[Data provided]:

/---

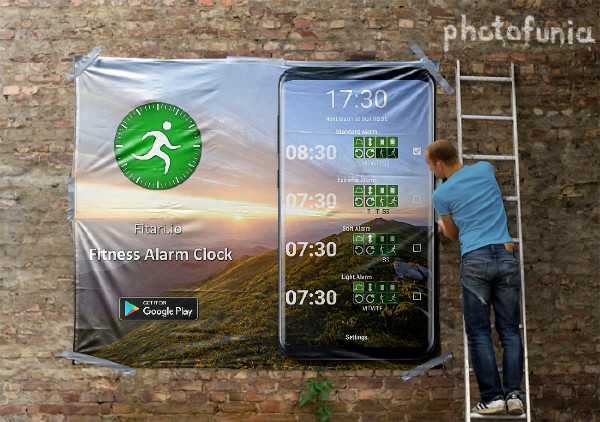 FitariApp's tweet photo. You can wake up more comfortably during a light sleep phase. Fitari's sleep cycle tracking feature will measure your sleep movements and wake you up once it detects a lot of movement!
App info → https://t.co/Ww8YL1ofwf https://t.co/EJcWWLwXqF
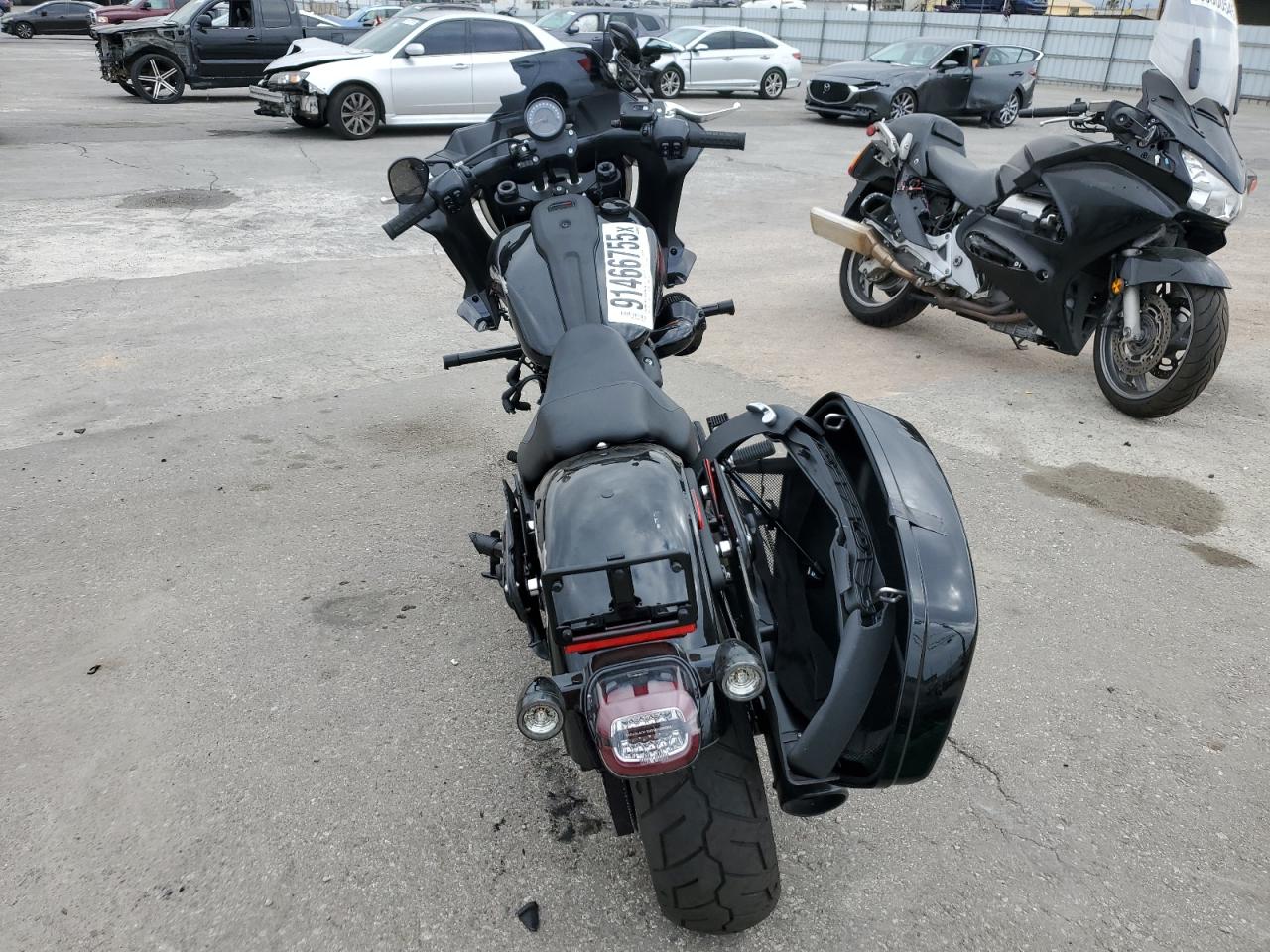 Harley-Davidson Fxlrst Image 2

\---

[Work to be completed]:
Skip every picture and transcribe the data above exactly.

[Output for this exercise]:
 FitariApp's tweet photo. You can wake up more comfortably during a light sleep phase. Fitari's sleep cycle tracking feature will measure your sleep movements and wake you up once it detects a lot of movement!
App info → https://t.co/Ww8YL1ofwf https://t.co/EJcWWLwXqF
 Harley-Davidson Fxlrst Image 2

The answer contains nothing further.